[Collected data]

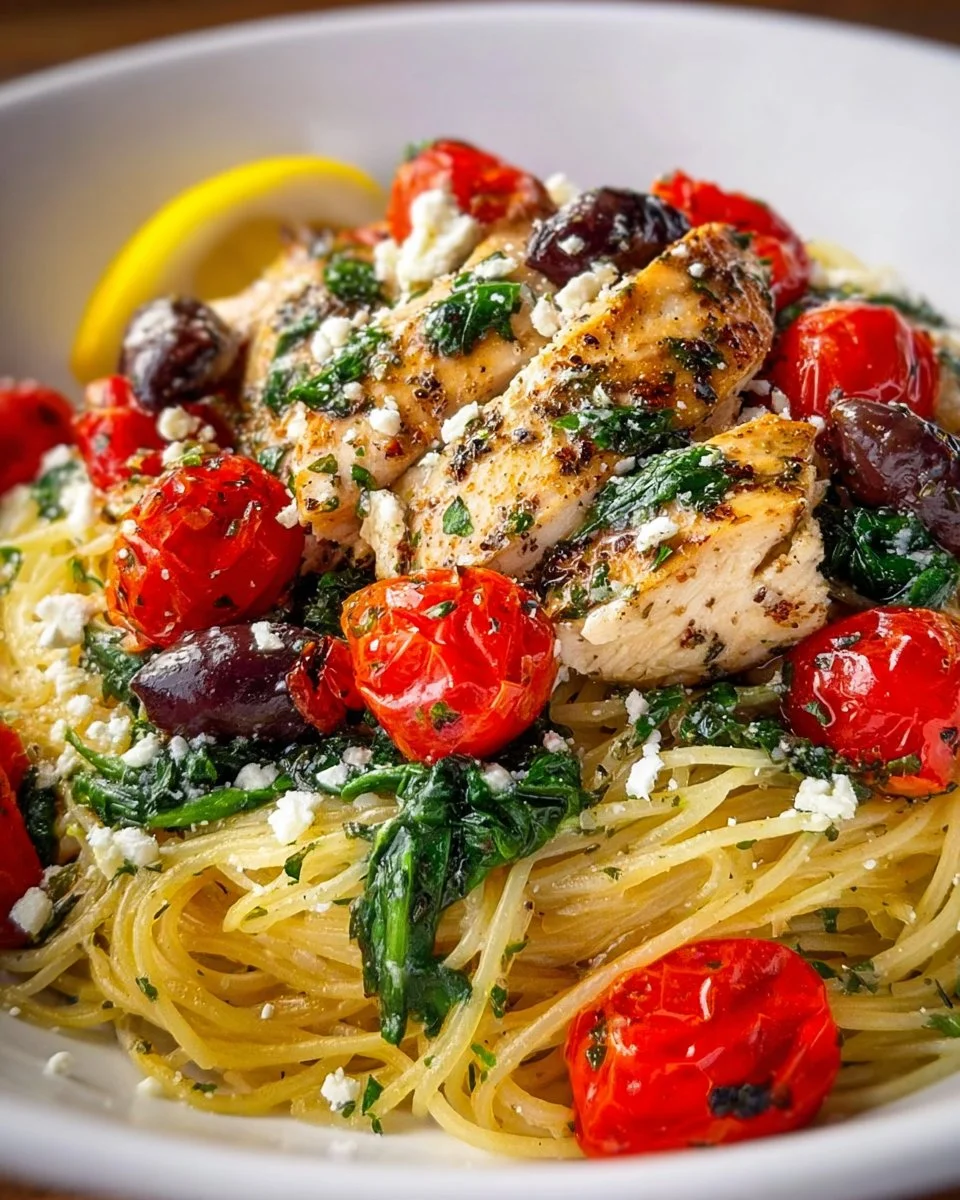 Mediterranean Pasta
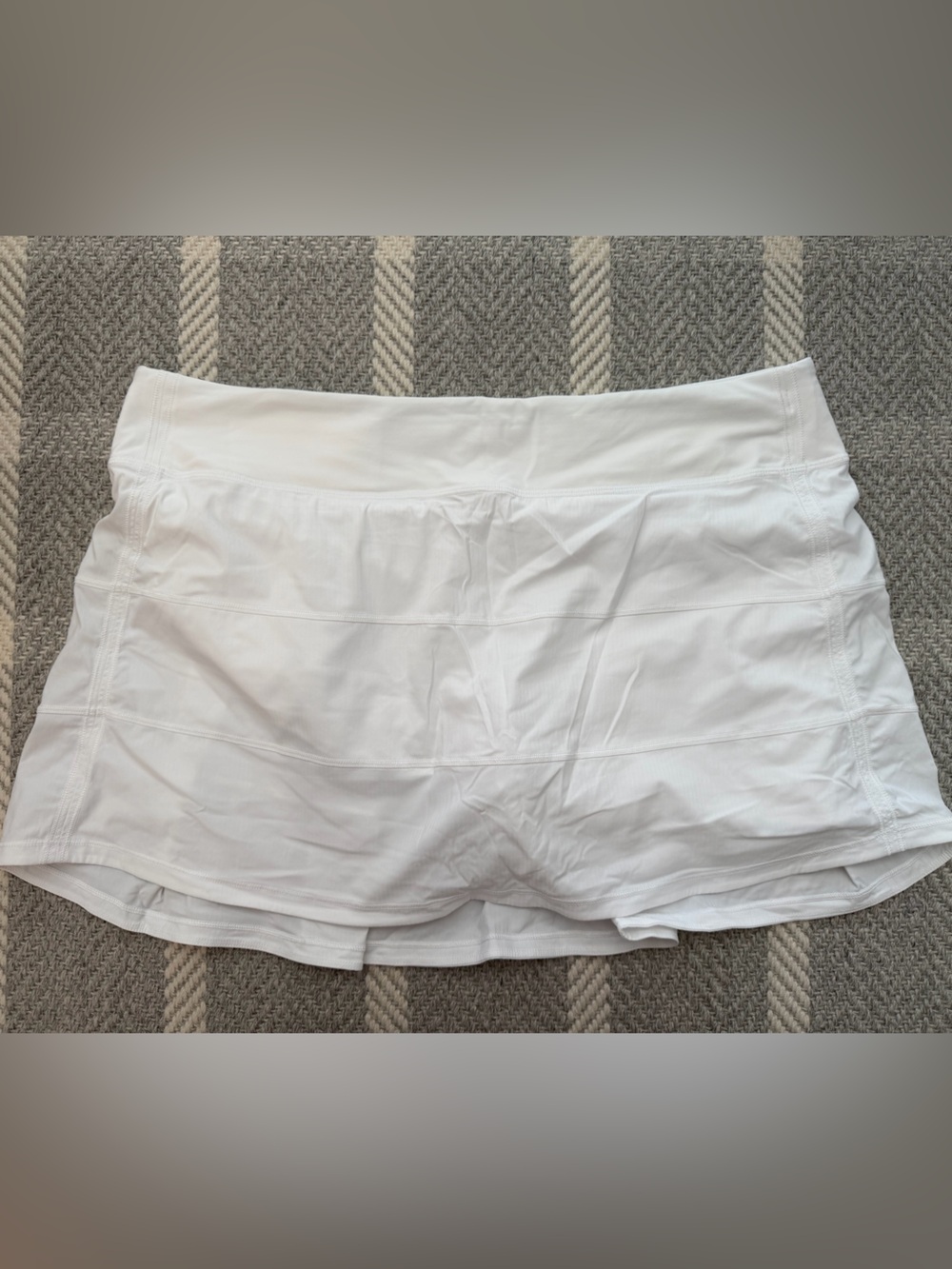 lululemon athletica White Mini Skort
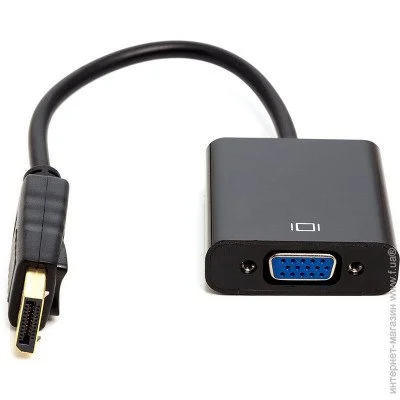 PowerPlant DisplayPort to VGA (CA911875)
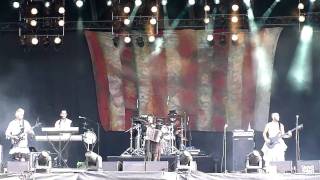 Stolen Babies - Tablescrap  live @ M'era Luna festival 07-08-2010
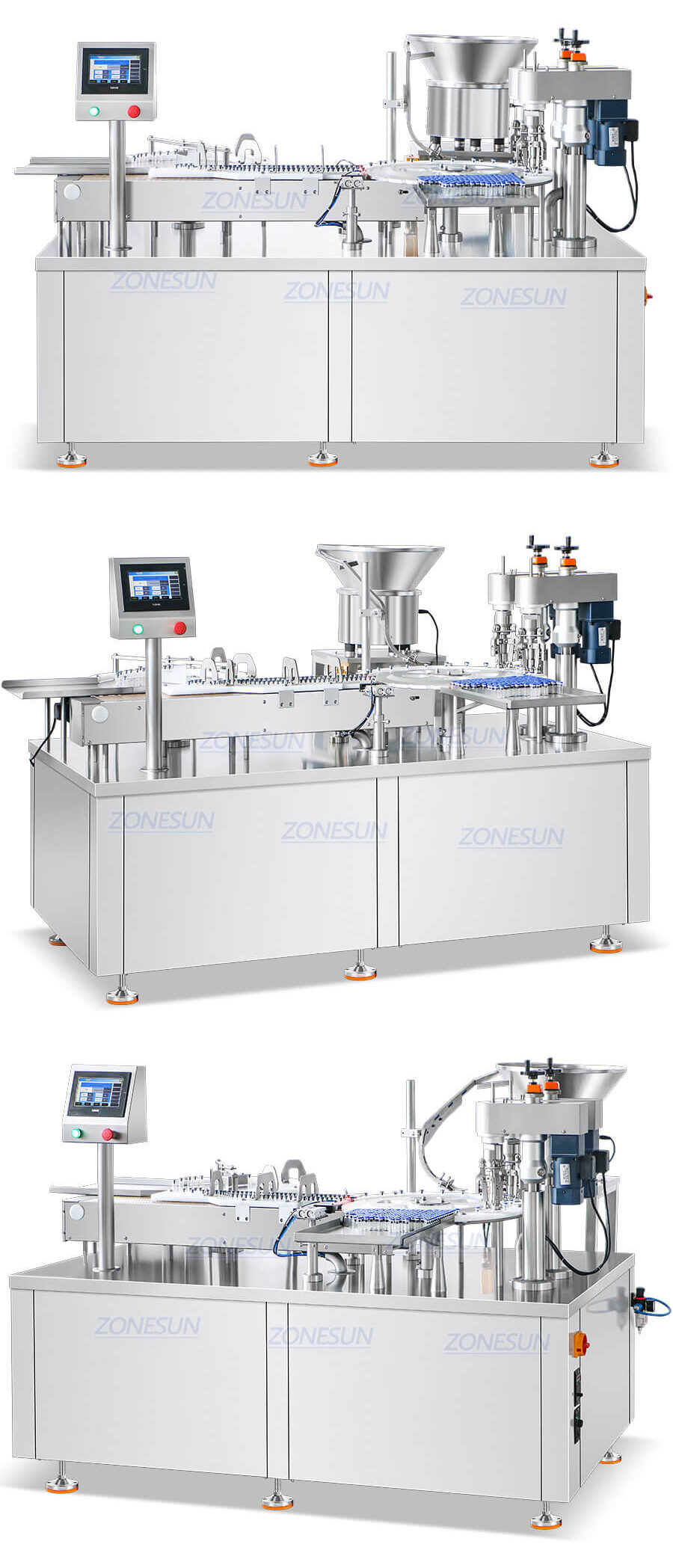 バイアルキャッピングマシン X4 Vial Capping Machine X4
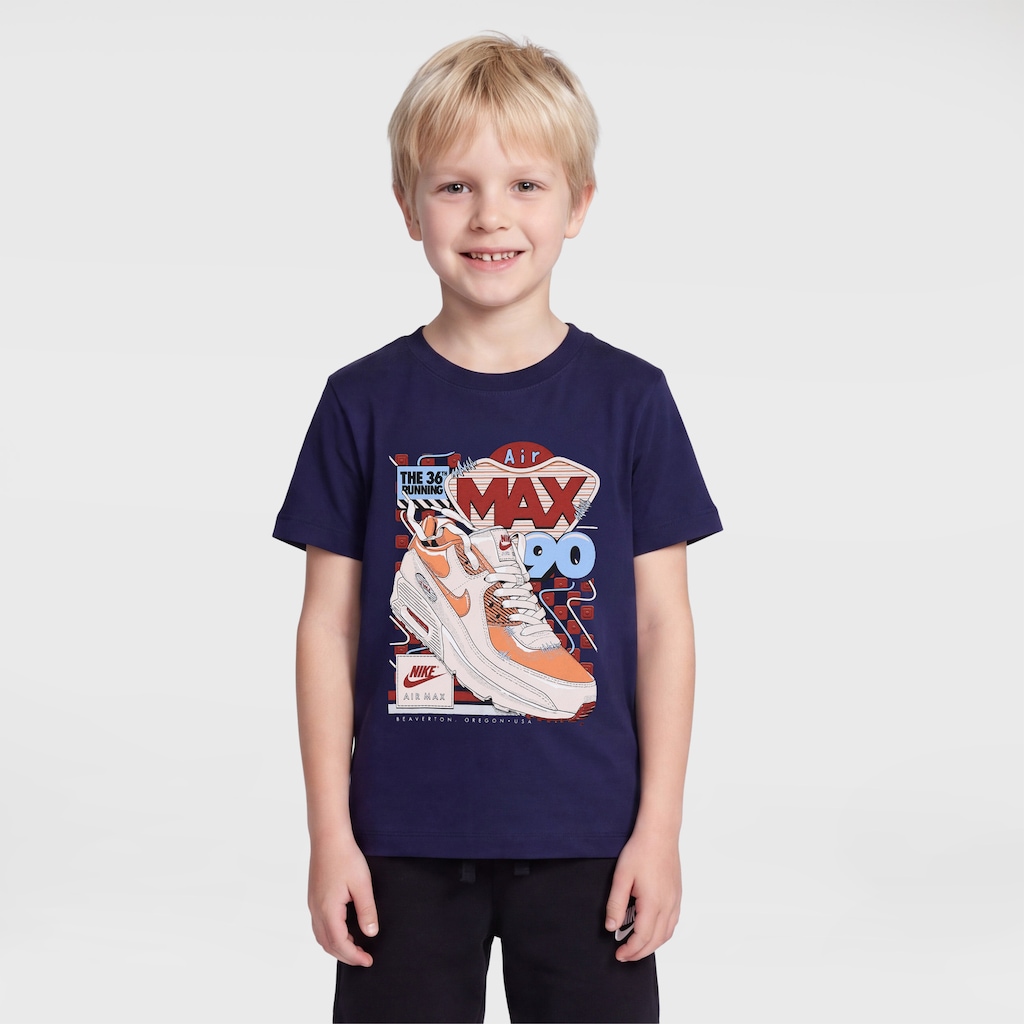 Imagem 1 do produto Camiseta Nike NSW Air Max 90 Infantil
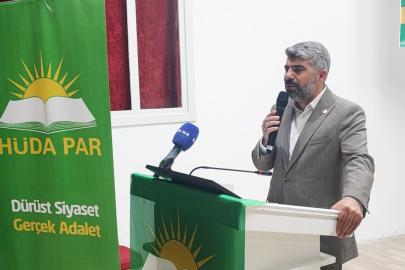 HÜDA PAR Milletvekili Dinç: Ahlak krizini çözemezsek bu memleketi ayakta tutamayız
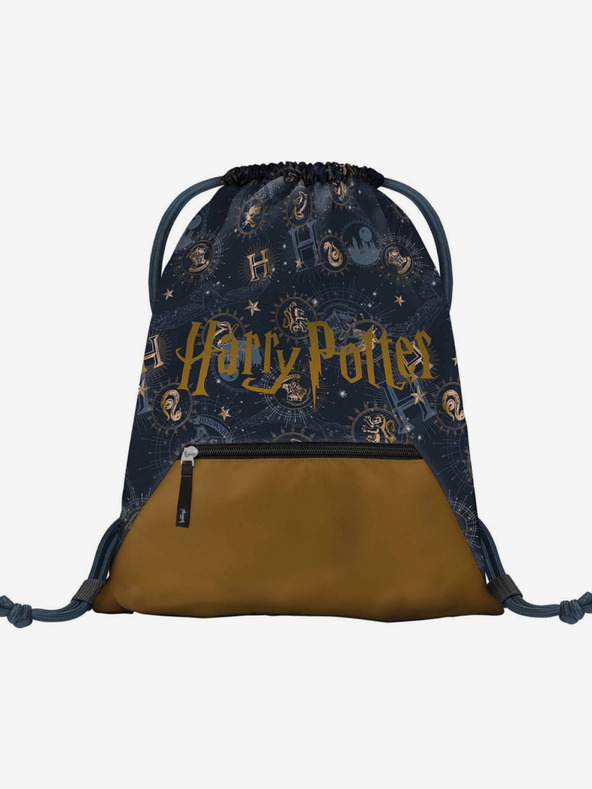 BAAGL  Črna torba z žepom Baagl Harry Potter Bradavičarka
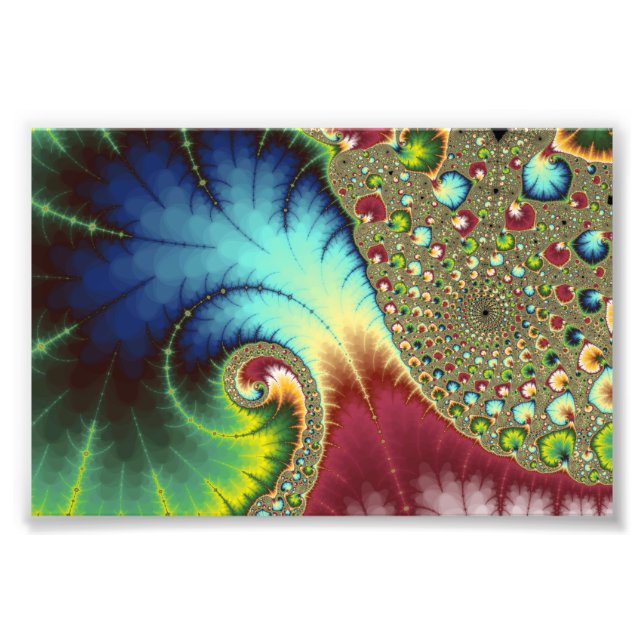Foto Joanie 50 Arte Fractal (Frente)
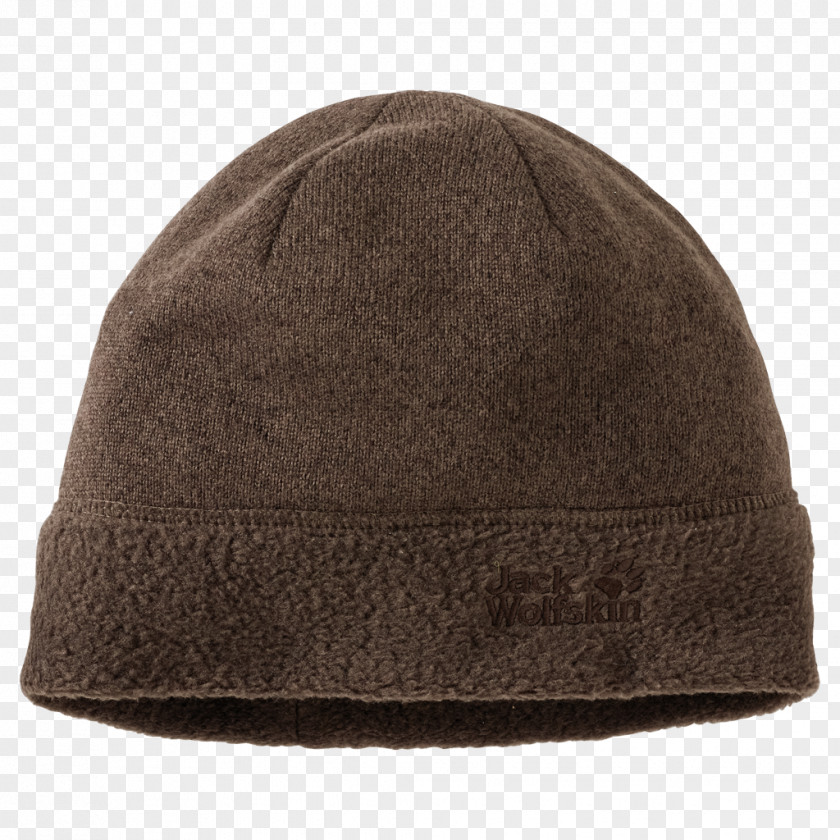 Beanie Knit Cap Woolen Turkish Coffee PNG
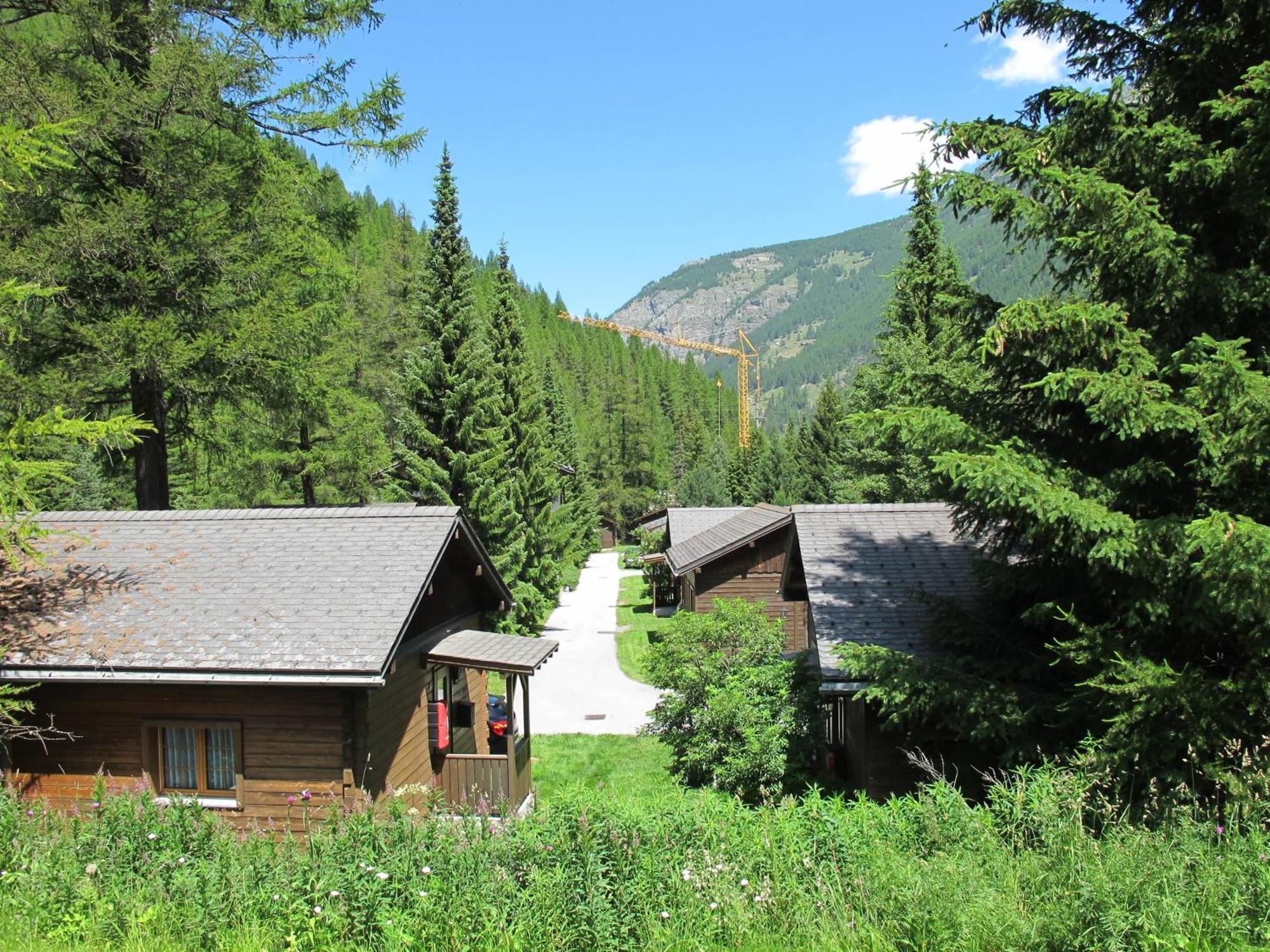 Residenz Edelweiss Saas320 Villa Kültér fotó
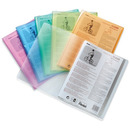 Album ofertowy A4 30kieszeni r&oacute;�owy DCF243P CLEAR PENTEL RECYCOLOGY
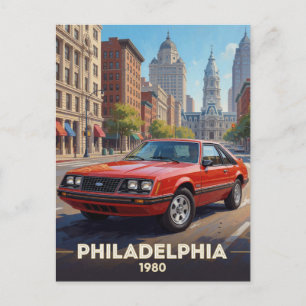 Postal Philadelphia Urban Road Cruiser 1980 Pennsylvania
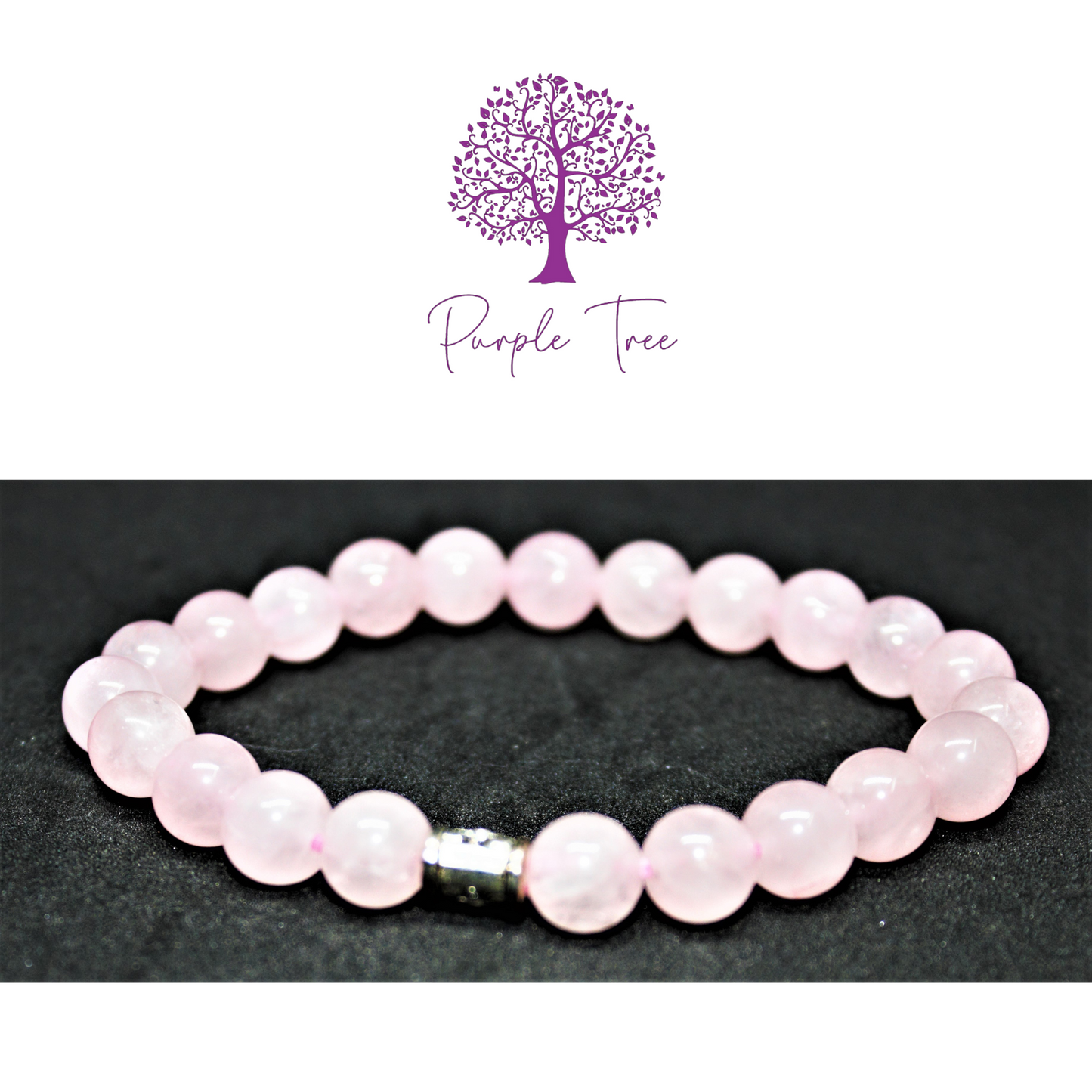 Rose Quartz Bracelet (8MM)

## What to do
Only the text of the entries above, transcribed exactly, should be given; leave out pictures.

## Task solution
 Mediterranean Pasta
 lululemon athletica White Mini Skort
 PowerPlant DisplayPort to VGA (CA911875)
 Stolen Babies - Tablescrap  live @ M'era Luna festival 07-08-2010
 バイアルキャッピングマシン X4 Vial Capping Machine X4
 Imagem 1 do produto Camiseta Nike NSW Air Max 90 Infantil
 HÜDA PAR Milletvekili Dinç: Ahlak krizini çözemezsek bu memleketi ayakta tutamayız
 BAAGL  Črna torba z žepom Baagl Harry Potter Bradavičarka
Foto Joanie 50 Arte Fractal (Frente)
 Beanie Knit Cap Woolen Turkish Coffee PNG
 Residenz Edelweiss Saas320 Villa Kültér fotó
 Album ofertowy A4 30kieszeni r&oacute;�owy DCF243P CLEAR PENTEL RECYCOLOGY
 Postal Philadelphia Urban Road Cruiser 1980 Pennsylvania
 Rose Quartz Bracelet (8MM)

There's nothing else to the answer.